Heroine with a Thousand Faces

5 minute read
Richard Lacayo

Cindy Sherman takes pictures only of herself, but she always insists she doesn’t make self-portraits. It would be truer to say that for the past 35 years, she’s been producing a portrait of her times as they flow through the finely tuned instrument of her baroque psyche. Again and again in her spine-tingling retrospective at the Museum of Modern Art (MOMA) in New York City–it runs there from Feb. 26 to June 11, then travels to San Francisco, Minneapolis and Dallas–you also discover she’s made a portrait of you.

Growing up in a New York suburb, Sherman loved to play dress-up. In 1977, when she was 23 and just out of Buffalo State College, she started playing it with a vengeance. For three years, she photographed herself in costumes, wigs and settings that drew from the deep pool of movie images we’re all immersed in from childhood. In what eventually grew to a series of 70 “Untitled Film Stills,” she took on the role of career girl, housewife, siren and woman on the verge of a nervous breakdown. Six years before Woody Allen got there, she became the Zelig of the collective unconscious, the heroine with a thousand faces.

Sherman wasn’t interested in campy genre re-creation. Any number of drag performers had already nailed that act. It was a subtler kind of female impersonation she was after. That’s why there are few distinct genres or stock characters in the “Untitled Film Stills”–no sci-fi, no cowgirls, no obvious gun molls. And though in some images she seems to channel Hitchcock blondes and in others moody beauties like Monica Vitti and Anouk Aime, none of the pictures reproduce scenes from actual films. Their power is in their ambiguity. What they re-create is not a specific movie memory but the primordial soup of images from which we cook up ourselves. And though obviously it’s the sources of female identity she was attempting to unravel, in the process she deciphered a media code that constructs us all.

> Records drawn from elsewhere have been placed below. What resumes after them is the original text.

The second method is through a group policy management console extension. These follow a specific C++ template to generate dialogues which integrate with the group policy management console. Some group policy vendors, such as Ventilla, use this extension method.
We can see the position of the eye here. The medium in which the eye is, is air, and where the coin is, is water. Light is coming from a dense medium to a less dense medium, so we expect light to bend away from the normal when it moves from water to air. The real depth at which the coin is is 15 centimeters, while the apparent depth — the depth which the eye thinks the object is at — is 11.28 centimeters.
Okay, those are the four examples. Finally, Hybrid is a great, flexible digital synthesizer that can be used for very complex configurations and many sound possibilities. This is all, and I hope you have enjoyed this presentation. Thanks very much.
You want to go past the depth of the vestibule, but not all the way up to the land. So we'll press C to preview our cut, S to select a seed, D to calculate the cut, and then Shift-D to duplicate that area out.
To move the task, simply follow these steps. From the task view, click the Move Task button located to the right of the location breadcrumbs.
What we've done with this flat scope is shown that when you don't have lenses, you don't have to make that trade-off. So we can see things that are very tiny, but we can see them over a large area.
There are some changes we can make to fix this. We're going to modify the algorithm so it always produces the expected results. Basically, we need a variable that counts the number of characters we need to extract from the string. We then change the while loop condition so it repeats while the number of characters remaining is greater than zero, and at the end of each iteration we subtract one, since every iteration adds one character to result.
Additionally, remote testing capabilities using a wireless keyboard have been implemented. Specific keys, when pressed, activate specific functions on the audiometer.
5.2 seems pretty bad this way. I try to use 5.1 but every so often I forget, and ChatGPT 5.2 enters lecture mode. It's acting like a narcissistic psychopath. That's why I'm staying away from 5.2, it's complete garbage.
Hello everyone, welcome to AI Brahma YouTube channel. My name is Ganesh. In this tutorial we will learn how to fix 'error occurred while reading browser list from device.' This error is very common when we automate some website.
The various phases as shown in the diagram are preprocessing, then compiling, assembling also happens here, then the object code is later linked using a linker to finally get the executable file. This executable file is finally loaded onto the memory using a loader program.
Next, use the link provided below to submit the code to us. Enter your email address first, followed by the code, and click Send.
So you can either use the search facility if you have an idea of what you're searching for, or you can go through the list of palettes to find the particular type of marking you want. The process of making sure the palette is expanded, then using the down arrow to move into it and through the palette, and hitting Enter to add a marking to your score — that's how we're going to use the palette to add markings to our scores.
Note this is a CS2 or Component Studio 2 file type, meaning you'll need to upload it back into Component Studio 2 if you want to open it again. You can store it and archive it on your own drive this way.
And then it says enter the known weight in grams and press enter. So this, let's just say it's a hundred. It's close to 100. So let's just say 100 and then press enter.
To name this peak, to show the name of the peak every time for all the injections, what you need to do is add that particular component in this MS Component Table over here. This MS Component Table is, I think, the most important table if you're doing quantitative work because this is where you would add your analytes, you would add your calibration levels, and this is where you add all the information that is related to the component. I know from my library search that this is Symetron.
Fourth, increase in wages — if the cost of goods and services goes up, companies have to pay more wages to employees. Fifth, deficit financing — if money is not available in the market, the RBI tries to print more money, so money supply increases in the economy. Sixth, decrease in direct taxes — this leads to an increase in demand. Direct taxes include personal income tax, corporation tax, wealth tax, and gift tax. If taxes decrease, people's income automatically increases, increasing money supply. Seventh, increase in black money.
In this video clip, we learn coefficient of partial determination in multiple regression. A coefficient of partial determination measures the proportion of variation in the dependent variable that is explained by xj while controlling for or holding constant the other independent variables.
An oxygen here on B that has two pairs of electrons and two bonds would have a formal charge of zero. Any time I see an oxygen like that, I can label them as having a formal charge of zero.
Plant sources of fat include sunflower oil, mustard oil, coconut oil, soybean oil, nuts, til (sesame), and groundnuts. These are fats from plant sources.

By 1995, when MOMA reportedly paid what was then the newsmaking sum of $1 million for a full set of the stills, Sherman was well established as one of the pivotal artists of her generation. She had made the leap into museum collections long before, with a 1981 series inspired by the centerfolds in skin magazines. But the weirdly spotlit young women she becomes in those pictures are fully dressed and acting out psychodramas of yearning and anxiety never dreamt of in the Playboy philosophy.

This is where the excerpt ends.